This case is decided pursuant to Chapter 410 of the Texas Workers’ Compensation Act and Rules of the Division of Workers’ Compensation adopted thereunder.

ISSUE

A contested case hearing was held on August 14, 2008, to decide the following disputed issue:

  1. Whether the preponderance of the evidence is contrary to the decision of the Independent Review Organization (IRO) that claimant is not entitled to vertebral axial decompression (S9090) and traction therapy (DRX9000) for the compensable injury of ___________?

PARTIES PRESENT

Claimant appeared and was assisted by NC-T, ombudsman. Carrier appeared and was represented by JF, attorney.

BACKGROUND INFORMATION

On ___________, Claimant injured his low back while throwing pennant lines for a crane. His treatment has included steroid injections, physical therapy and medication. Surgery has previously been denied. Dr. GL, his current treating doctor has recommended vertebral axial decompression (S9090) and traction therapy (DRX9000). The DRX9000 is a brand of mechanical lumbar traction table which uses a computer designed system to apply tension along the axis of the spine. Using the Official Disability Guidelines (ODG), the IRO denied the requested treatment.

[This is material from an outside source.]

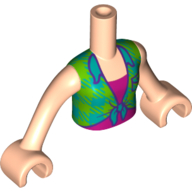 Visuel indicatif Rebrickable de Mini-poupée torse fille avec t-chemise à carreaux turquoise vert citron / foncé, motif imprimé haut magenta, bras et mains nougat clair (Minidoll Torso Girl with Lime/Dark Turquoise Plaid Shirt, Magenta Top Print, Light Nougat Arms and Hands)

Texas Labor Code Section 408.021 provides that an employee who sustains a compensable injury is entitled to all health care reasonably required by the nature of the injury as and when needed. Health care reasonably required is further defined in Texas Labor Code Section 401.011 (22a) as health care that is clinically appropriate and considered effective for the injured employee's injury and provided in accordance with best practices consistent with evidence based medicine or, if evidence based medicine is not available, then generally accepted standards of medical practice recognized in the medical community. Health care under the Texas Workers' Compensation system must be consistent with evidence based medicine if that evidence is available. Evidence based medicine is further defined in Texas Labor Code Section 401.011 (18a) to be the use of the current best quality scientific and medical evidence formulated from credible scientific studies, including peer-reviewed medical literature and other current scientifically based texts and treatment and practice guidelines.

In accordance with the above statutory guidance, the Division of Workers' Compensation has adopted treatment guidelines by Division Rule 137.100. This rule directs health care providers to provide treatment in accordance with the current edition of the ODG, and such treatment is presumed to be health care reasonably required as defined in the Texas Labor Code. Thus, the focus of any health care dispute starts with the health care set out in the ODG.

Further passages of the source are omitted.